■ What is expected
Your task is to return the listing below word for word, without any of its images.

■ Given material
····················

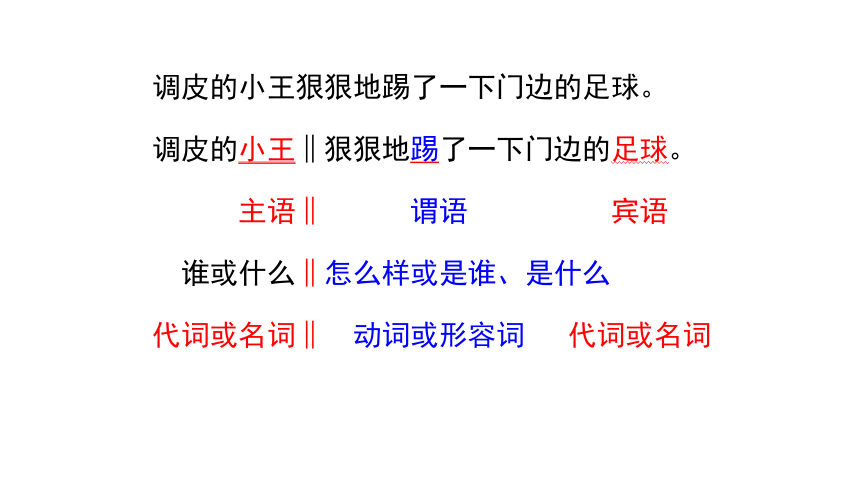 高三句子成分与病句识别 课件（100张PPT）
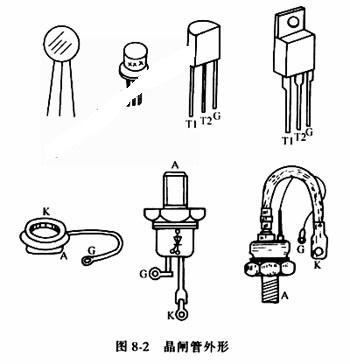 电路图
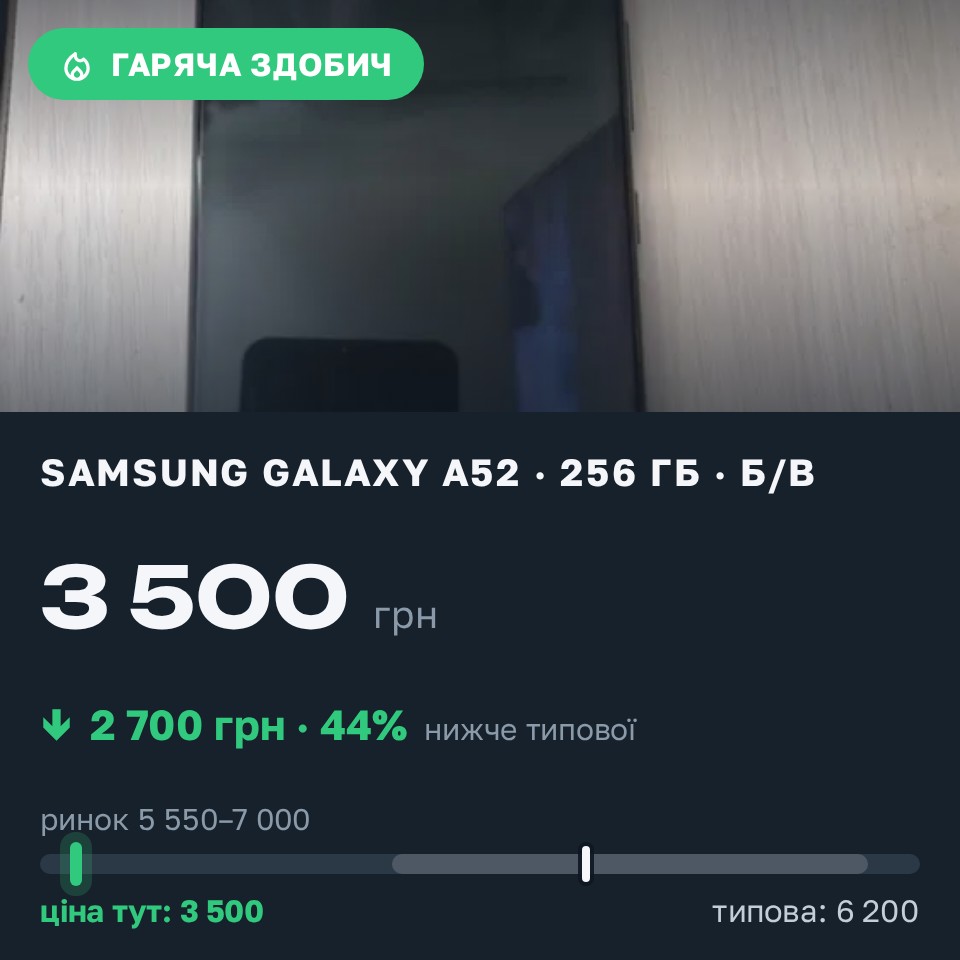 Знахідка Trofey: Galaxy A52 256 ГБ б/у за 3 500 грн — на 2 700 грн (−44%) нижче ринку. Київ, 28.08 12:01.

····················

■ The answer
 高三句子成分与病句识别 课件（100张PPT）
 电路图
 Знахідка Trofey: Galaxy A52 256 ГБ б/у за 3 500 грн — на 2 700 грн (−44%) нижче ринку. Київ, 28.08 12:01.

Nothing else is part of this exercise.